EXERCISE BRIEF =
Output must consist only of the lines of the material below from the one with "合伙人广告撸金最新玩法，每天单号400纯利-辰阳网创" through the one with "Anillo de Graduación", each reproduced exactly; no pictures belong in it.

RECORDS SHOWN =
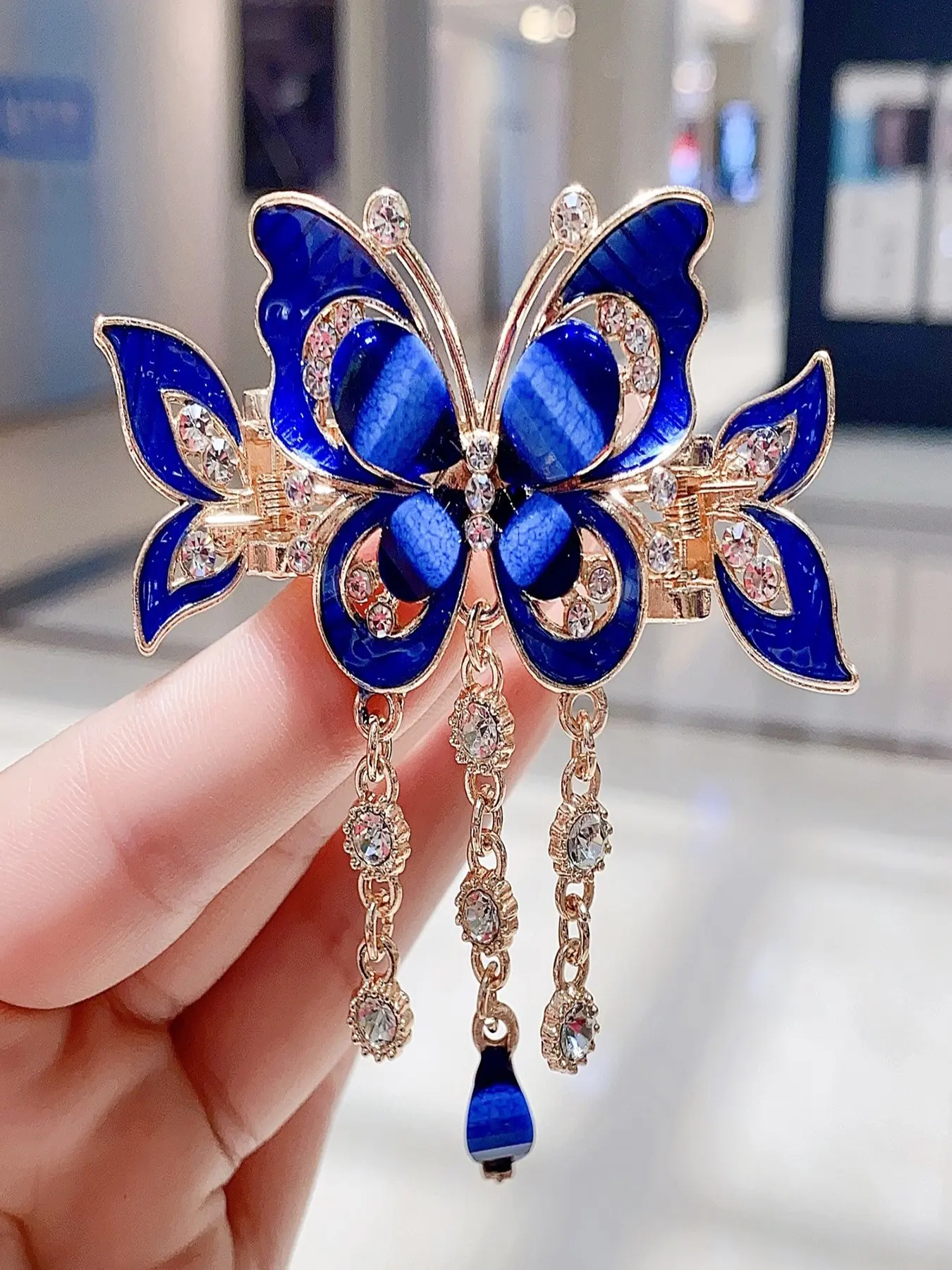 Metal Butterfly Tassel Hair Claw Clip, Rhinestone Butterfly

---

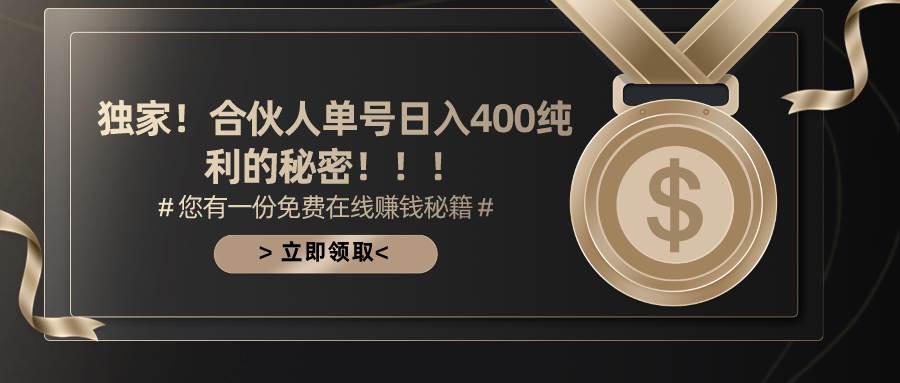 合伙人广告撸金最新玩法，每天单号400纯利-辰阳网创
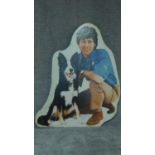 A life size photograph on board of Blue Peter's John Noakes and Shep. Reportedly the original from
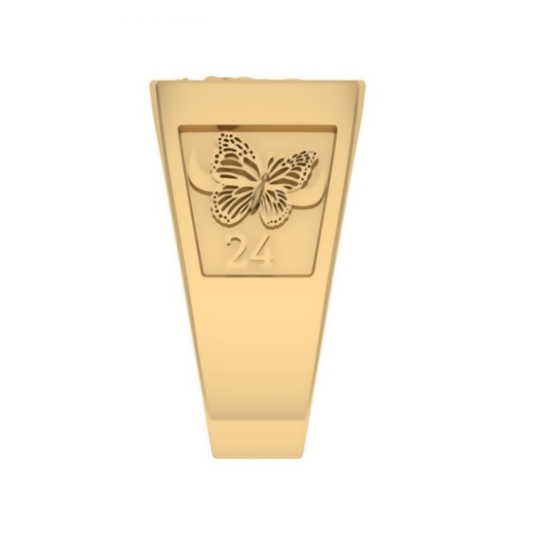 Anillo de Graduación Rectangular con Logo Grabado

--

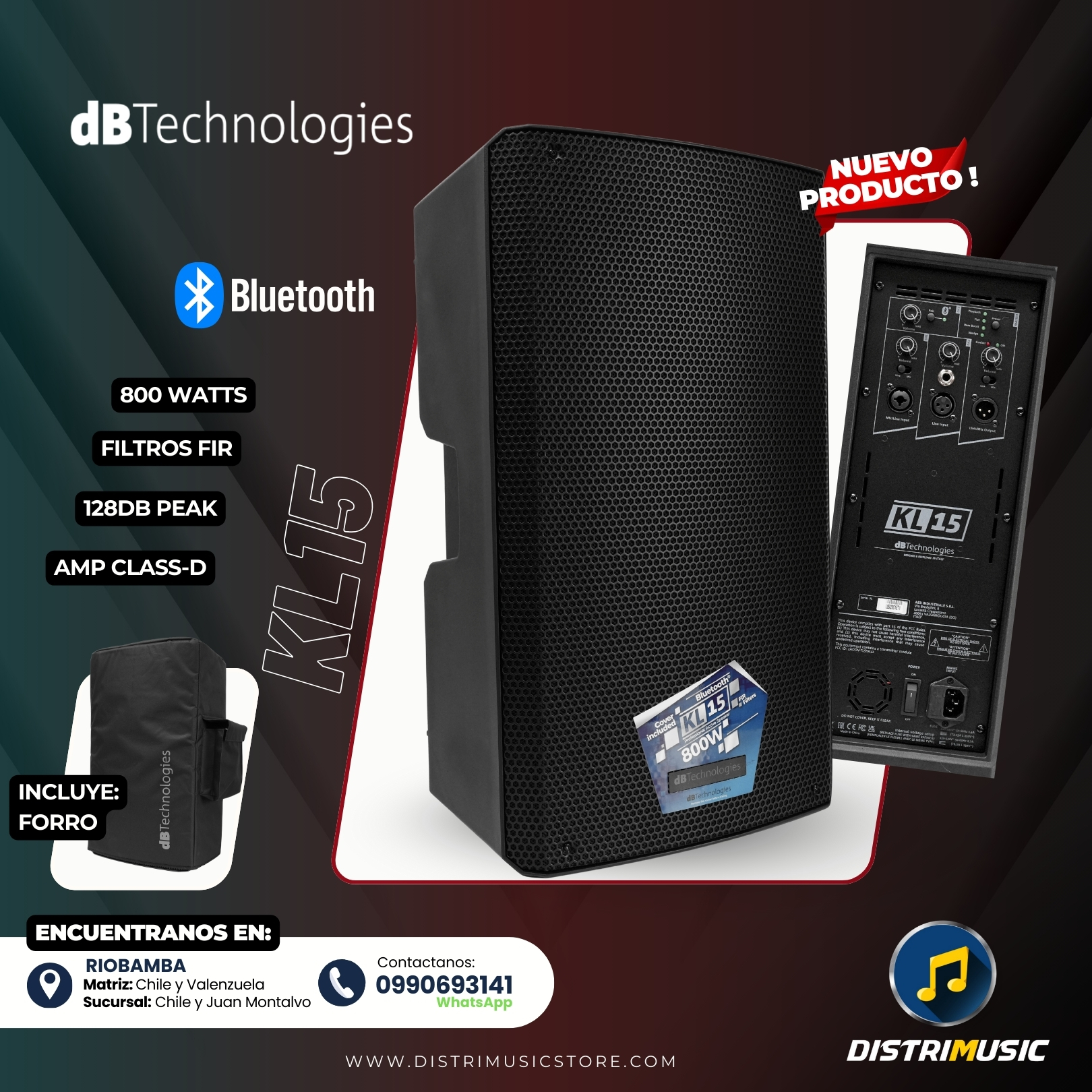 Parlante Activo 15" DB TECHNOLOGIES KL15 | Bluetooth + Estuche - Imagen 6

YOUR SOLUTION =
 合伙人广告撸金最新玩法，每天单号400纯利-辰阳网创
 A life size photograph on board of Blue Peter's John Noakes and Shep. Reportedly the original from
 Anillo de Graduación Rectangular con Logo Grabado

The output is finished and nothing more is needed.